Below are the records; count how many of their lines contain the word "featuring" and give that number only.

(SUPPLIED INFORMATION begins)

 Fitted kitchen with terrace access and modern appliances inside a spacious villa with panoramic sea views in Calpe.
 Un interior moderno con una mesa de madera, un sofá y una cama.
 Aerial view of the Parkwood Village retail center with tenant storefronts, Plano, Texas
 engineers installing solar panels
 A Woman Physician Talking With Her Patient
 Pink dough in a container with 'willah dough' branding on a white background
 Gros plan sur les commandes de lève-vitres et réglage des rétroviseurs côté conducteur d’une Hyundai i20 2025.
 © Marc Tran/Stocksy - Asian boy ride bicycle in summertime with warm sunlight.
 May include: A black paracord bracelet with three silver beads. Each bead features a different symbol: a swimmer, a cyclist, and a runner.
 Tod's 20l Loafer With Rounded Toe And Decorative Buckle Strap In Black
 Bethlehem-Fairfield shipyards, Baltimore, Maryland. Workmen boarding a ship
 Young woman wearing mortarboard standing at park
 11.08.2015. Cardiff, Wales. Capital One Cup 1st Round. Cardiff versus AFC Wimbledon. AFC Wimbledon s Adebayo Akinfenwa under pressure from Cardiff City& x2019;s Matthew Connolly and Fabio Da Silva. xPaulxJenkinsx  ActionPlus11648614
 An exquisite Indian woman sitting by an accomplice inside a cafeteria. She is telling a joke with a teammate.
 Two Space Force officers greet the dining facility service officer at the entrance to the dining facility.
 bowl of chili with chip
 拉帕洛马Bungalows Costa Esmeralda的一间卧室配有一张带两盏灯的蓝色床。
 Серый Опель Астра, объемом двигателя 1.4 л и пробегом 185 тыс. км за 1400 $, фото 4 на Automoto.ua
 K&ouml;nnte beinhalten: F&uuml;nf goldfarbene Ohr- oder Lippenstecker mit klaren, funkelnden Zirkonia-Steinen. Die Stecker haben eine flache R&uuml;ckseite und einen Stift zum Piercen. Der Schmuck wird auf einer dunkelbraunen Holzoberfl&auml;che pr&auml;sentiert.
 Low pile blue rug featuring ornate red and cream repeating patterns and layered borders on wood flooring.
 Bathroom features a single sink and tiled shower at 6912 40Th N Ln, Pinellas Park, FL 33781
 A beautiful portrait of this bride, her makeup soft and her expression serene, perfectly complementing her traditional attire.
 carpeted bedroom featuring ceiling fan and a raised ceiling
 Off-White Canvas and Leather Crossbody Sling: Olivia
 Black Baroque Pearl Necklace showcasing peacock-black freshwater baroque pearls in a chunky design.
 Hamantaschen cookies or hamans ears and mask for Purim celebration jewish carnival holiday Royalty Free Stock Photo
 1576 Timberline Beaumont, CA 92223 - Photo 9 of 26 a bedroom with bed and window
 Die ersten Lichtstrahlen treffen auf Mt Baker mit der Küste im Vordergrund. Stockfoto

(SUPPLIED INFORMATION ends)

§ **ANSWER BOX**
2